For the Love of Rivers (Paperback)

A Scientist's Journey

By Kurt D. Fausch

Oregon State University Press, 9780870717703, 288pp.

Publication Date: February 1, 2015



Rivers and streams supply our water and capture our imaginations. We seek the more pristine ones to fish or paddle, to hike along or simply sit and watch. But what is it we are seeing? What is essential about streams and rivers for us as humans?

In For the Love of Rivers, stream ecologist Kurt Fausch draws readers across the reflective surface of streams to view and ponder what is beneath, and how they work. While celebrating their beauty and mystery, he uses his many years of experience as a field biologist to explain the underlying science connecting these aquatic ecosystems to their streamside forests and the organisms found there--including humans.

For the Love of Rivers introduces readers to the life and work of Shigeru Nakano, a pioneering river ecologist who inspired other scientists around the world with his innovative research on stream-forest connections. Fausch takes readers along as he journeys to Japan, where he awakens to an unfamiliar culture, to Nakano, and his research.

Nakano's life was abruptly ended in a tragic field accident, and his death was deeply mourned. Fausch joins Japanese and American colleagues to continue Nakano's research legacy, learn everything they can about the effects that humans have on rivers, fish, and their intricate links with riparian zones, and share this knowledge with others.

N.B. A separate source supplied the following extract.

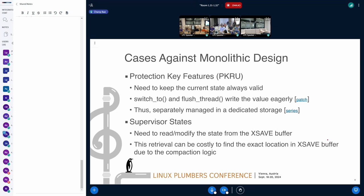I heard that Dave explained the detail on the protection key, but I just want to make a case against this monolithic approach. Basically, the protection key needs to keep the valid states all the time, but the rest of the extended registers are all restored right before returning to user space. There was some revision to come along with the XSAVE buffer, but recently this feature has been restored. The approach was completely decoupled from the XSAVE buffer. It's possible because the feature provides instructions to save and restore, but I think that's a kind of oddity against this monolithic approach of XSAVE.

More than a book about stream ecology, For the Love of Rivers is a celebration of the interconnectedness of life. It is an authoritative and accessible look at the science of rivers and streams, but it also ponders the larger questions of why rivers are important to humans, why it is in our nature to want to be near them, and what we can do now to ensure the future of these essential ecosystems.

About the Author

KURT D. FAUSCH is a professor in the Department of Fish, Wildlife, and Conservation Biology at Colorado State University, where he has taught for 33 years. His collaborative research has taken him throughout Colorado, the West, and worldwide, including to Hokkaido in northern Japan. His experiences in Japan were chronicled in the PBS documentary film "RiverWebs." He has received numerous awards from the American Fisheries Society and the World Council of Fisheries Societies, and served as the acting Director of the Graduate Degree Program in Ecology at CSU.